In this study, a comparison of selective functionalization of the WE and nonselective functionalization of all the electrodes was performed. Selective functionalization was achieved by pipetting 4 μL of 10 mM DSP directly onto the WE surface, whereas nonselective functionalization was achieved by pipetting 200 μL of 10 mM DSP to completely cover the sensing region.

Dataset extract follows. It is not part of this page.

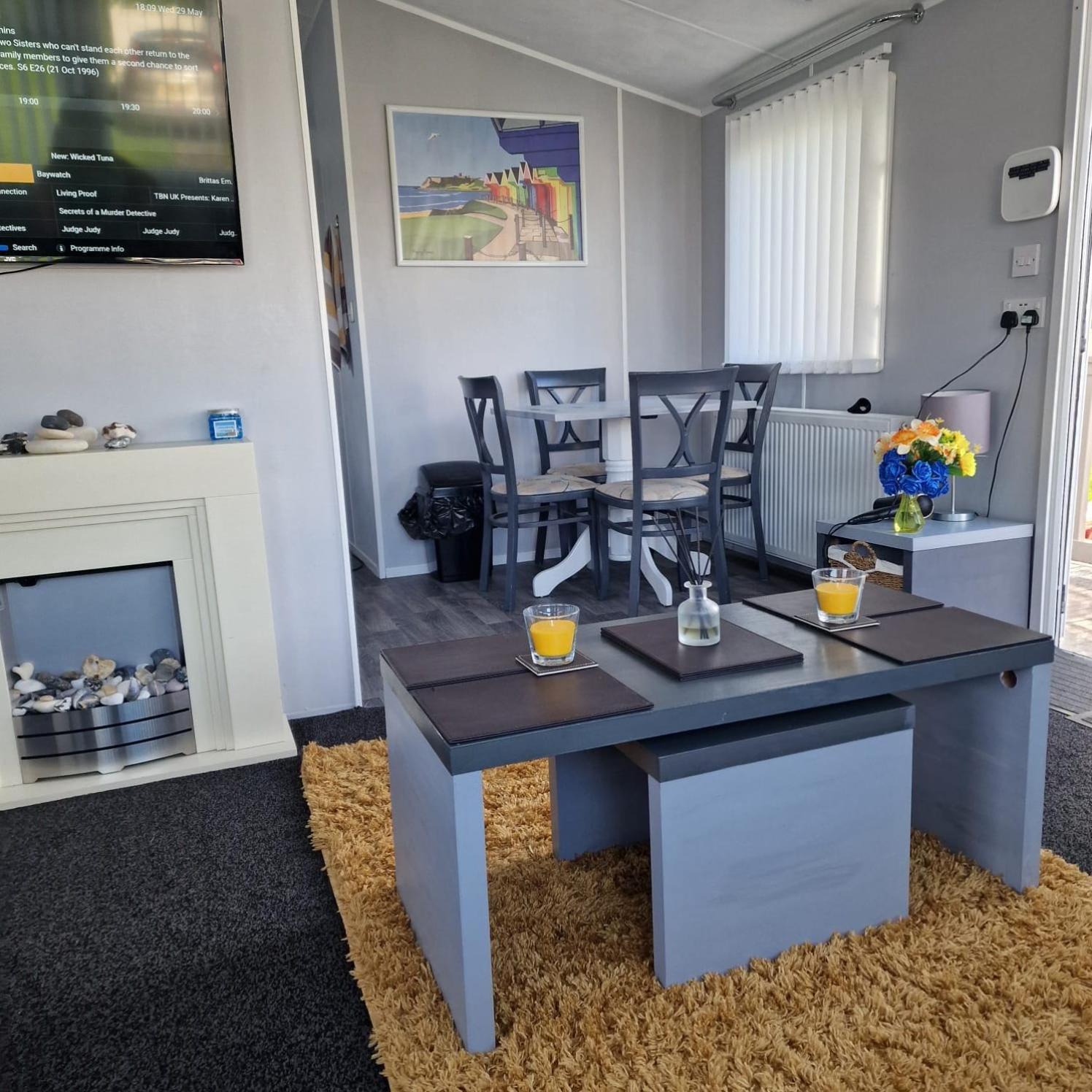 Skipsea Sands Northfield Corner Ulrome Екстер'єр фото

Electrochemical Measurements

Electrochemical experiments were carried out using a Gamry Reference 600 potentiostat. OCP, CV, and EIS were employed to study biosensor performance across the nine sensor iterations (see supplementary data) and aid in the downselection of the optimal CE placement. EIS was also used as a measurement technique to quantify the dose-dependent response from BSA binding events for the CE1.225 iteration.

Open-Circuit Potential

The OCP is a thermodynamic parameter that indicates the tendency of the WE to participate in an electrochemical corrosion reaction with the surrounding medium. To measure the OCP, the potential of the WE is measured against the RE using a high-impedance voltmeter to ensure that no current flows between the electrodes. The OCP of each biosensor iteration was measured to establish sensor stability, taken in the presence of 1× PBS for 1 h to ensure steady state.

Cyclic Voltammetry

CV is a common potentiodynamic technique used to study redox active species. Cyclic voltammograms were recorded in the presence of 1 mM ferricyanide with a 1× PBS-supporting electrolyte. In CV, the potential between the WE and RE is ramped linearly versus time. Once the potential reaches a set maximum, it is ramped in the reverse direction until a set minimum is reached. In this article, the potential was scanned from 0 V to a 0.2 V maximum, and then a –0.5 V minimum at 25 mV/s. The measurement was repeated for a total of three cycles, once the voltammogram reached steady state. The current response was plotted as a function of applied potential to inform the reversibility of the redox active species at the WE.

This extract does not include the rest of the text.